Development of glaucoma predictably led to a sharp decline in visual acuity. However, after eight weeks of OSK expression, visual acuity was not only restored but surpassed that recorded at baseline. After this peak, the mice’s vision began declining again, even in the model with continuous OSK expression. However, the decline was much faster in the induced OSK expression group, as OSK expression levels gradually fell following doxycycline withdrawal.
In the continuous expression group, the mice’s vision remained significantly restored and close to healthy levels for 11 months after the beginning of the treatment, although in one more month, it fell sharply. In the induced expression group, the second wave of doxycycline treatment, started nine months after the first one, led to a modest restoration of visual acuity that approached statistical significance versus baseline.
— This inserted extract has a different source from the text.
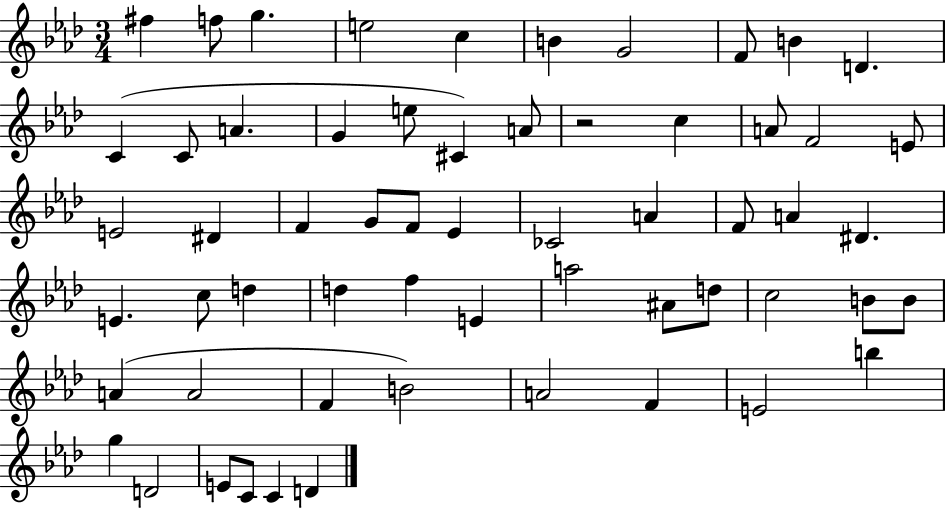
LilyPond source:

Doxycycline withdrawal caused a new sharp drop in visual acuity.
Simply aging
The researchers hypothesize that the gradual decline in visual acuity in the continuous expression group and the attenuation of the treatment’s effect in the induced expression group were caused simply by aging. Normally, mice only live for a bit over two years, and by the end of the experiment, they were experiencing other vision problems besides the induced glaucoma. “It is highly possible” the researchers note, “that at this time, visual acuity is declining, not due to the loss of the OSK reprogramming effect on RGCs, but due to the age-related decline of other retinal layers that did not receive OSK treatment”. In their 2020 study, the group was able to rescue age-related vision loss by partial cellular reprogramming in 12-month-old mice, but not in mice six months older.
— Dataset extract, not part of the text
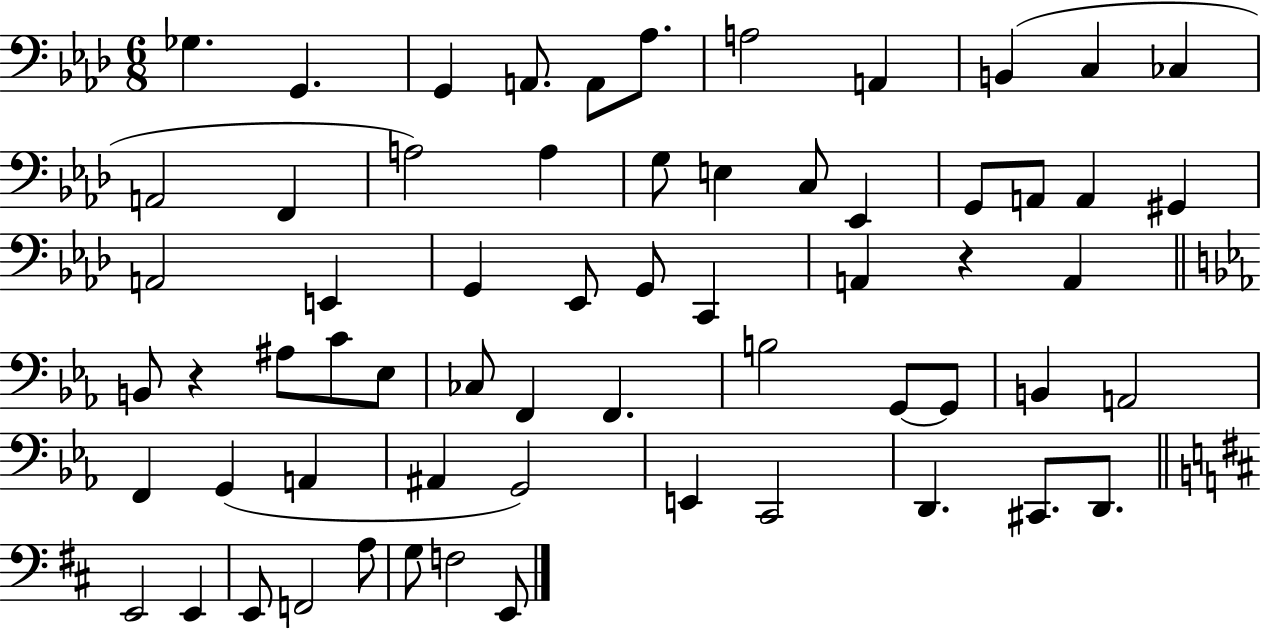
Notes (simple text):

Gb3/q. G2/q. G2/q A2/e. A2/e Ab3/e. A3/h A2/q B2/q C3/q CES3/q A2/h F2/q A3/h A3/q G3/e E3/q C3/e Eb2/q G2/e A2/e A2/q G#2/q A2/h E2/q G2/q Eb2/e G2/e C2/q A2/q R/q A2/q B2/e R/q A#3/e C4/e Eb3/e CES3/e F2/q F2/q. B3/h G2/e G2/e B2/q A2/h F2/q G2/q A2/q A#2/q G2/h E2/q C2/h D2/q. C#2/e. D2/e. E2/h E2/q E2/e F2/h A3/e G3/e F3/h E2/e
Tumorigenesis remains a concern for cellular reprogramming. The researchers closely monitored the mice and found no signs of increased prevalence of tumors or changes in retinal structure. Interestingly, just recently, a study found that continuous expression of OSKM leads to quick health deterioration and death in mice, but this effect was attenuated when OSKM expression was blocked in the liver and intestine [4]. Whether it was due to the absence of c-Myc or to the localization of OSK expression to retinal cells, or both, long-term partial reprogramming appeared to be safe in this case. No adverse effects were recorded.
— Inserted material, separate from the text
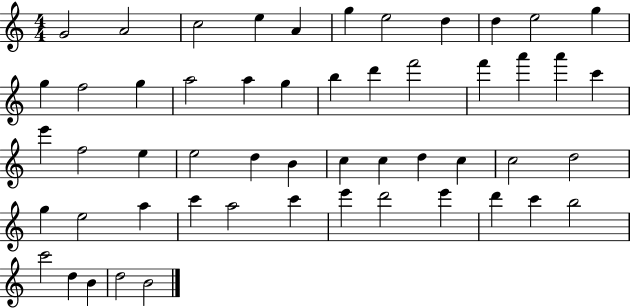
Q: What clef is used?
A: treble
We performed year-long functional tracking of mice with experimentally induced glaucoma that were treated with AAV2-OSK to induce epigenetic reprogramming in RGCs. Our results indicated that vision loss due to glaucoma can be safely reversed. In the AAV2-tTA; TRE-OSK mice (OSK continuously on), vision loss was restored to healthy levels after 2 months of treatment and remained close to healthy levels for 11 months… Mice that received DOX that triggered OSK expression restored vision to healthy levels by 8 weeks, suggesting that the beneficial effects of OSK treatment can be achieved using a DOX-inducible dual AAV system. When DOX was withdrawn and OSK turned off in these mice, although significance was compromised compared with continuous ON group, the absolute vision performance stays higher than its glaucoma baseline until 11 months post-AAV injection.
Literature
[1] Karg, M. M., Lu, Y. R., Refaian, N., Cameron, J., Hoffmann, E., Hoppe, C., … & Ksander, B. R. (2023). Sustained Vision Recovery by OSK Gene Therapy in a Mouse Model of Glaucoma. Cellular Reprogramming.
[2] Lu, Y., Brommer, B., Tian, X., Krishnan, A., Meer, M., Wang, C., … & Sinclair, D. A. (2020). Reprogramming to recover youthful epigenetic information and restore vision. Nature, 588(7836), 124-129.
[3] Miller, D. M., Thomas, S. D., Islam, A., Muench, D., & Sedoris, K. (2012). c-Myc and cancer metabolism. Clinical cancer research, 18(20), 5546-5553.
[4] Parras, A., Vílchez-Acosta, A., Desdín-Micó, G., Picó, S., Mrabti, C., Montenegro-Borbolla, E., … & Ocampo, A. (2023). In vivo reprogramming leads to premature death linked to hepatic and intestinal failure. Nature Aging, 1-12.